■ **WHAT YOU HAVE TO DO**:
Scan the records below for the line containing "Blanc/Vert - New Balance 327 Trainers" and the line containing "Premium Foldable Desktop". Copy both, plus every line between, exactly.

Web page caption snippets
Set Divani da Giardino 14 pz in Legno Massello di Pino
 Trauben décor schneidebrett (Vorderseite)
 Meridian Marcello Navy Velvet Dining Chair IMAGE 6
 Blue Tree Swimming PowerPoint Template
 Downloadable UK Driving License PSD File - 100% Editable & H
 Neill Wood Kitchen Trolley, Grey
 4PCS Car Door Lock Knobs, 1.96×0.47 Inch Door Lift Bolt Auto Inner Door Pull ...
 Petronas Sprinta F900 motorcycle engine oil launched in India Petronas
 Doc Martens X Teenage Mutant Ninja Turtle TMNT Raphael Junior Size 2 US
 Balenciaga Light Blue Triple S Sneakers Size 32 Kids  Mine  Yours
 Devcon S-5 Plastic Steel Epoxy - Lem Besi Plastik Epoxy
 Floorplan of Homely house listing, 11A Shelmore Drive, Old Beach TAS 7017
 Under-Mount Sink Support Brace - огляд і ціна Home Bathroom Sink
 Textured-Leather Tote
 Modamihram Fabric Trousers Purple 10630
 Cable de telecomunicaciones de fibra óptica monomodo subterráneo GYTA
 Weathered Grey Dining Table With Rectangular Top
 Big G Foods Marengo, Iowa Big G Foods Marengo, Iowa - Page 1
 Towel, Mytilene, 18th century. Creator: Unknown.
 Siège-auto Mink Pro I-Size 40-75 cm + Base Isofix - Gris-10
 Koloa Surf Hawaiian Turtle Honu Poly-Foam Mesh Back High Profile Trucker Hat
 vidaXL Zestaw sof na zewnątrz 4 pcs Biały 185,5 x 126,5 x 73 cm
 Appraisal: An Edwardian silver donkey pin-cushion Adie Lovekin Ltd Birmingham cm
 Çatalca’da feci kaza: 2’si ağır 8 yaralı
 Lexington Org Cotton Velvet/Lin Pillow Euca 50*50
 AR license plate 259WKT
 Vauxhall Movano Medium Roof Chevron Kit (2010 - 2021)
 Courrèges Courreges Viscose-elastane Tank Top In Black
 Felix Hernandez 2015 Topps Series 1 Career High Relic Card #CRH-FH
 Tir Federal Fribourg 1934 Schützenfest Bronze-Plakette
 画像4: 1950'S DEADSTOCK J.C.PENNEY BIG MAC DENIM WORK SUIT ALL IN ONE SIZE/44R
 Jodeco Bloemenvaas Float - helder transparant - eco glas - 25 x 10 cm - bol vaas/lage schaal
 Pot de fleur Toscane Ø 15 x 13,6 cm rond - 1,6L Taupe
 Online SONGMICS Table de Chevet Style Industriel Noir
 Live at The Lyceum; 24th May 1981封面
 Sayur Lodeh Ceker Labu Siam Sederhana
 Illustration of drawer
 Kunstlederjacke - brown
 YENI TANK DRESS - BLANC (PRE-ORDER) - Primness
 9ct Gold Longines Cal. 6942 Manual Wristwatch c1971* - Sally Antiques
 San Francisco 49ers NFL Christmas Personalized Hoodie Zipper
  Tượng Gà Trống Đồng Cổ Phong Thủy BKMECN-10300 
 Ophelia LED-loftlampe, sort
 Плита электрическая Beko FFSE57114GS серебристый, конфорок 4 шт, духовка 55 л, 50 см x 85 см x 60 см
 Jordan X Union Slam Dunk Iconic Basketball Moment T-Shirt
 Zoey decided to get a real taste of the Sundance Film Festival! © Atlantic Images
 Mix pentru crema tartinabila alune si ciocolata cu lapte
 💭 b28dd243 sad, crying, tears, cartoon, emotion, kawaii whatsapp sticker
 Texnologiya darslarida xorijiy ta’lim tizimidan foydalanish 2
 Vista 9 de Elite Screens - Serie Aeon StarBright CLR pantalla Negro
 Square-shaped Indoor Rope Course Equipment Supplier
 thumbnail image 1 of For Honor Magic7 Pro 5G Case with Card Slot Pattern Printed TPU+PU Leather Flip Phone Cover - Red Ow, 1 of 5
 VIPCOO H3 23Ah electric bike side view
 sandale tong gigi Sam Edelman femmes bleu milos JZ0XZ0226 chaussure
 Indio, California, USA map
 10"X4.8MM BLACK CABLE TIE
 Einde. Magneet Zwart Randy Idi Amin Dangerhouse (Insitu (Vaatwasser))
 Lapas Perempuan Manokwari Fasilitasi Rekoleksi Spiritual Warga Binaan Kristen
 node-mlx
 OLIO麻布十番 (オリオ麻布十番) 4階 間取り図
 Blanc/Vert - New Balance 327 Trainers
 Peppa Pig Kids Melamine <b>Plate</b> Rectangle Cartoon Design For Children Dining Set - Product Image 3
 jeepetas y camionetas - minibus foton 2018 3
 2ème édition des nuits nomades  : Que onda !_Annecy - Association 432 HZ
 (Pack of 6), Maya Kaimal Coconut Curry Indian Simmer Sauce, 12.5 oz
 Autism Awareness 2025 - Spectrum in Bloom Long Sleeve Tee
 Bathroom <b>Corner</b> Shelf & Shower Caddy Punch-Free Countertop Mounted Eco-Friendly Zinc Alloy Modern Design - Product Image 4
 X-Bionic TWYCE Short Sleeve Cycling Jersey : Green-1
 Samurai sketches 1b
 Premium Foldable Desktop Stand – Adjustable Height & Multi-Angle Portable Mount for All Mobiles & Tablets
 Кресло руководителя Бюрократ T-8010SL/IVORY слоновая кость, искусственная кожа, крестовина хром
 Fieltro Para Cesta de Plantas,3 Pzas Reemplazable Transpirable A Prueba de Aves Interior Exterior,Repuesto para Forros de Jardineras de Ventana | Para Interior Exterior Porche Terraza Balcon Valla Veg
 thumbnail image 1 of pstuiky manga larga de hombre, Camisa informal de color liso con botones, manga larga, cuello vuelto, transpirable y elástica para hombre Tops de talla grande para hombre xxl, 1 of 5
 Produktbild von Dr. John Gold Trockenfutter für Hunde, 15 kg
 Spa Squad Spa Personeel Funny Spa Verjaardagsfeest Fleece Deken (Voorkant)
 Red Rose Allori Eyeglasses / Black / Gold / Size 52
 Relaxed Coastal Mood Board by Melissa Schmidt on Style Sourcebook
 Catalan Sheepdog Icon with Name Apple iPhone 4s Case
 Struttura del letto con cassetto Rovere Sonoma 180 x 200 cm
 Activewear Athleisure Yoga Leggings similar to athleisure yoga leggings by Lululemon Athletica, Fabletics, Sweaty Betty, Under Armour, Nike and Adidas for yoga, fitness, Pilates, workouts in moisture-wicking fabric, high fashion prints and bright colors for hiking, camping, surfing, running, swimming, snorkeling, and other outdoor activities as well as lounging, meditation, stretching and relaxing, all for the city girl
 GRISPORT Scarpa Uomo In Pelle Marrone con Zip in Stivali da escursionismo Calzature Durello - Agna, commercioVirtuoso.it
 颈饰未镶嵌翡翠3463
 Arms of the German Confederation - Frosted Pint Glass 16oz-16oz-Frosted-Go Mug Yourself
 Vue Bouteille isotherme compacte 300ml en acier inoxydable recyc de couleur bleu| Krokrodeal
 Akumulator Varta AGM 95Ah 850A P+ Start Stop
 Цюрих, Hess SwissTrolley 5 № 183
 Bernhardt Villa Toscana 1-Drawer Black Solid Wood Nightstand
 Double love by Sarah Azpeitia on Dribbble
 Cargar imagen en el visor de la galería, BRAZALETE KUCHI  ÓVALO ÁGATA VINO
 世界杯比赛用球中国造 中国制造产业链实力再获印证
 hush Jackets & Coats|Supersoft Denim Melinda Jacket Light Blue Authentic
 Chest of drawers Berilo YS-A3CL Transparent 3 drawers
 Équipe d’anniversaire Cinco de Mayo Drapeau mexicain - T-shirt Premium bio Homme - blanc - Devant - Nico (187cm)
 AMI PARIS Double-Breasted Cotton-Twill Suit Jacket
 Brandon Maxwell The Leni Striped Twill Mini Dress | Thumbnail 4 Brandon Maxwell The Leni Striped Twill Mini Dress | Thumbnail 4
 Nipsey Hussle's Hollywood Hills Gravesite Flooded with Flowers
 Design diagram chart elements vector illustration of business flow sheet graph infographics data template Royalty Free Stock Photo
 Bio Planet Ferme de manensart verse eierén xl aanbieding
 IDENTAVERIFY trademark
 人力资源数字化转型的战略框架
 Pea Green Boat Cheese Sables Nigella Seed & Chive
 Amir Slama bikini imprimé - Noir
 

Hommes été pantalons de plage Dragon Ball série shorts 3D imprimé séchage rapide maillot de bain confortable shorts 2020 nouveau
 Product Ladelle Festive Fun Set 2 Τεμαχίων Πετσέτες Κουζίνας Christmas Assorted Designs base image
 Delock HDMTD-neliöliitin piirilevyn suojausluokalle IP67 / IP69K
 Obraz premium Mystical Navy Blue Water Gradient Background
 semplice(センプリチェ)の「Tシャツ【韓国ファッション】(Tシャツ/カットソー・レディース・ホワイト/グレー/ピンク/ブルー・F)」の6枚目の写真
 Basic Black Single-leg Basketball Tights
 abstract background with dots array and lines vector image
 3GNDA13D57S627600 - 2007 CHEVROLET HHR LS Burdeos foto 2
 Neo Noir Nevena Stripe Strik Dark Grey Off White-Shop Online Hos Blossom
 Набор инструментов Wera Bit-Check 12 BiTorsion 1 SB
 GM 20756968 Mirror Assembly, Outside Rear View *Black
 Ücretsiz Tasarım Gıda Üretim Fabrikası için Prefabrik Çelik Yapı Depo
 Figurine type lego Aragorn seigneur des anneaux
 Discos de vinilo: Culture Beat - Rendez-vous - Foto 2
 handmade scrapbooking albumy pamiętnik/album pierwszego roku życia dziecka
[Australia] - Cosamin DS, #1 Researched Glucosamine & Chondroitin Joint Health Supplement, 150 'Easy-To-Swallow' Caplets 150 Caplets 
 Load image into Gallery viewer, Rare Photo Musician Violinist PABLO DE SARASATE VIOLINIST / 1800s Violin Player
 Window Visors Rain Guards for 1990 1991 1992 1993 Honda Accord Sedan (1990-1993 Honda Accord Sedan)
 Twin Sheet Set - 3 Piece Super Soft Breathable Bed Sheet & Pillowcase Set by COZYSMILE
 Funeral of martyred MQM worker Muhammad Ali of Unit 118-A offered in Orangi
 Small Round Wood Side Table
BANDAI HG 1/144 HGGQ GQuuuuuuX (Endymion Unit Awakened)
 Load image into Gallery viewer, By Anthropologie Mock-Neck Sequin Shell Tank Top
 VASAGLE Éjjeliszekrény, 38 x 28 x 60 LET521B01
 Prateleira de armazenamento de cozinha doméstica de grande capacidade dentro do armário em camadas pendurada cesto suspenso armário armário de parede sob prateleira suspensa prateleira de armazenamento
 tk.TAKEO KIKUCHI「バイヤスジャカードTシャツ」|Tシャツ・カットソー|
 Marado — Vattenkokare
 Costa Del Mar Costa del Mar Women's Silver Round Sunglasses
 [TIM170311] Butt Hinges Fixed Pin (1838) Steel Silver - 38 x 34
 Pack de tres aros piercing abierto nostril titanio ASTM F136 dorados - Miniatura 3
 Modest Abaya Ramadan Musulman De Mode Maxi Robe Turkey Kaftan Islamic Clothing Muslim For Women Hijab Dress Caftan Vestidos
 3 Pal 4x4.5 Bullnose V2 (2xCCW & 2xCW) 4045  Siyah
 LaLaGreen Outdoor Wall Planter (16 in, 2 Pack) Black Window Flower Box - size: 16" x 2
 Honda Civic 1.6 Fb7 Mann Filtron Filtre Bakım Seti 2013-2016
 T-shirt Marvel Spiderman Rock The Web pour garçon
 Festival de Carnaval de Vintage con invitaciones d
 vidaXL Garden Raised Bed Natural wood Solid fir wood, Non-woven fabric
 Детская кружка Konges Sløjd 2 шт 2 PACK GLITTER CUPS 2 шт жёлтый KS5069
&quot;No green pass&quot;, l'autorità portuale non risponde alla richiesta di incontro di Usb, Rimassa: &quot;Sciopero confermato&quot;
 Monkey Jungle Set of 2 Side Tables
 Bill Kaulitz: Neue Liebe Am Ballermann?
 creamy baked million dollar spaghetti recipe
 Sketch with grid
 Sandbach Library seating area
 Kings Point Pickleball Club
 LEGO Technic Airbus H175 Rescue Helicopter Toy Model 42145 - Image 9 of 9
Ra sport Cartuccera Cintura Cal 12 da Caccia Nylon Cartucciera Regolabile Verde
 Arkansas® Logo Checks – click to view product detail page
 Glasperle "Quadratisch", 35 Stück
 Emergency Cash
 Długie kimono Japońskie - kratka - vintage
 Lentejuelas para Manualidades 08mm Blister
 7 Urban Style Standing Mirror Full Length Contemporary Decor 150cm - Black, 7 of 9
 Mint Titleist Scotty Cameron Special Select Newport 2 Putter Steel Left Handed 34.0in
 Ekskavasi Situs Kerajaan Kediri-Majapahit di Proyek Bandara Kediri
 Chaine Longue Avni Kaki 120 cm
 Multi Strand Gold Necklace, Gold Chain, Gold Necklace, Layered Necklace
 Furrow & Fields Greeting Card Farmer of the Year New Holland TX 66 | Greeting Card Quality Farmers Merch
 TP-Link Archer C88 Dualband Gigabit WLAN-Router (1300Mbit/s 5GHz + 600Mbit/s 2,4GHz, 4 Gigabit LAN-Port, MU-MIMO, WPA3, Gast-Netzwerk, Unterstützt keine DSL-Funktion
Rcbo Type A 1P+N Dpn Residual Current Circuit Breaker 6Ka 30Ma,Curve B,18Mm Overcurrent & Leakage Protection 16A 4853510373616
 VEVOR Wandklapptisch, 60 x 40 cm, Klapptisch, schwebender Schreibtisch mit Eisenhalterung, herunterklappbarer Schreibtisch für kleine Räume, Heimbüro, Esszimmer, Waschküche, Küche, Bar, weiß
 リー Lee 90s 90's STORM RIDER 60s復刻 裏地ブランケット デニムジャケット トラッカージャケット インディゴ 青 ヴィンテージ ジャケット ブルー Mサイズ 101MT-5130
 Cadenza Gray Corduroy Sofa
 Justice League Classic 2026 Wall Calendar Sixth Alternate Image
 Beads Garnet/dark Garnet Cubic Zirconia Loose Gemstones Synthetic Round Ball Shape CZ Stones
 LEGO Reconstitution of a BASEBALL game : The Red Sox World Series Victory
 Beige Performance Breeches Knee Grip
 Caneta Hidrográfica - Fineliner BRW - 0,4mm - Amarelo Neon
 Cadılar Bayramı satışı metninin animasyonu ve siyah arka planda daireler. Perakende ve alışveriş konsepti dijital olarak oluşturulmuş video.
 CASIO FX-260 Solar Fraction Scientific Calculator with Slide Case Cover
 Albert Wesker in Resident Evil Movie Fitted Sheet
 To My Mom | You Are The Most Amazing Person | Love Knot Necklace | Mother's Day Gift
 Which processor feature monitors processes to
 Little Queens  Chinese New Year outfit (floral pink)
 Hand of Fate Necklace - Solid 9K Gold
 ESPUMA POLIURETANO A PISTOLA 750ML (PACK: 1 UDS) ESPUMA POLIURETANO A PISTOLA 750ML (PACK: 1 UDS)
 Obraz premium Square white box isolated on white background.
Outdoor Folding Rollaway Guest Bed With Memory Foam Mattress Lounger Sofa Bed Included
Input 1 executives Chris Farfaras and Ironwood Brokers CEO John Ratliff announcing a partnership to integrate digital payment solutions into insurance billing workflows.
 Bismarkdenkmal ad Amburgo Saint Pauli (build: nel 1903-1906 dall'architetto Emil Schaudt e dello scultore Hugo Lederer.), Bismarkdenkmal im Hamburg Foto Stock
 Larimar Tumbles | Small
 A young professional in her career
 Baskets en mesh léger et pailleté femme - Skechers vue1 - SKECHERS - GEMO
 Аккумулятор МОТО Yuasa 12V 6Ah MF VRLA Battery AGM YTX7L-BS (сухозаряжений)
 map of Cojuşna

■ **OUTPUT BELOW**:
 Blanc/Vert - New Balance 327 Trainers
 Peppa Pig Kids Melamine <b>Plate</b> Rectangle Cartoon Design For Children Dining Set - Product Image 3
 jeepetas y camionetas - minibus foton 2018 3
 2ème édition des nuits nomades  : Que onda !_Annecy - Association 432 HZ
 (Pack of 6), Maya Kaimal Coconut Curry Indian Simmer Sauce, 12.5 oz
 Autism Awareness 2025 - Spectrum in Bloom Long Sleeve Tee
 Bathroom <b>Corner</b> Shelf & Shower Caddy Punch-Free Countertop Mounted Eco-Friendly Zinc Alloy Modern Design - Product Image 4
 X-Bionic TWYCE Short Sleeve Cycling Jersey : Green-1
 Samurai sketches 1b
 Premium Foldable Desktop Stand – Adjustable Height & Multi-Angle Portable Mount for All Mobiles & Tablets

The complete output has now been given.